--- Data to examine ---
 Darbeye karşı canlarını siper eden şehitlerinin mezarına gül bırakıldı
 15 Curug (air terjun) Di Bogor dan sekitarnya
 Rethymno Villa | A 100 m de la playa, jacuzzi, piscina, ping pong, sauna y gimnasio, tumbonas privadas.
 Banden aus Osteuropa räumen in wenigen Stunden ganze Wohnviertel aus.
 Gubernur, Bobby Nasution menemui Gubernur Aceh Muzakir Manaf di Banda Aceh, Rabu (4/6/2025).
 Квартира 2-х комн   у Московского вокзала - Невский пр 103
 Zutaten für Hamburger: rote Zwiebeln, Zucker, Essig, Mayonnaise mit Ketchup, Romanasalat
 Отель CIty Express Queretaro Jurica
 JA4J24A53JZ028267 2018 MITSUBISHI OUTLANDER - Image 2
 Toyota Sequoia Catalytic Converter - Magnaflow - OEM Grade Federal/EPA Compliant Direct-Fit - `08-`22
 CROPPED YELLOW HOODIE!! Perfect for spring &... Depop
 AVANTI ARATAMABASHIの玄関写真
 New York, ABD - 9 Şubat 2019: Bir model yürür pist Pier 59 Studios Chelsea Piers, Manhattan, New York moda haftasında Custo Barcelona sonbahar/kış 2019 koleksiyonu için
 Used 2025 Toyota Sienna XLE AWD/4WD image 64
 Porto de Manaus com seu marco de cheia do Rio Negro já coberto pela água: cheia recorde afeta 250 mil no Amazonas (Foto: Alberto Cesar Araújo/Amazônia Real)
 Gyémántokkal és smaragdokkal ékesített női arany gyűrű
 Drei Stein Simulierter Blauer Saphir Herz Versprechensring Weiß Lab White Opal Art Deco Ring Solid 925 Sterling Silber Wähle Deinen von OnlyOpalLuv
---
_Task instructions_
Nothing but the lines from the one containing "CROPPED YELLOW HOODIE!!" to the end of the entries belongs in the answer, and each must match exactly.

_Exercise result_
 CROPPED YELLOW HOODIE!! Perfect for spring &... Depop
 AVANTI ARATAMABASHIの玄関写真
 New York, ABD - 9 Şubat 2019: Bir model yürür pist Pier 59 Studios Chelsea Piers, Manhattan, New York moda haftasında Custo Barcelona sonbahar/kış 2019 koleksiyonu için
 Used 2025 Toyota Sienna XLE AWD/4WD image 64
 Porto de Manaus com seu marco de cheia do Rio Negro já coberto pela água: cheia recorde afeta 250 mil no Amazonas (Foto: Alberto Cesar Araújo/Amazônia Real)
 Gyémántokkal és smaragdokkal ékesített női arany gyűrű
 Drei Stein Simulierter Blauer Saphir Herz Versprechensring Weiß Lab White Opal Art Deco Ring Solid 925 Sterling Silber Wähle Deinen von OnlyOpalLuv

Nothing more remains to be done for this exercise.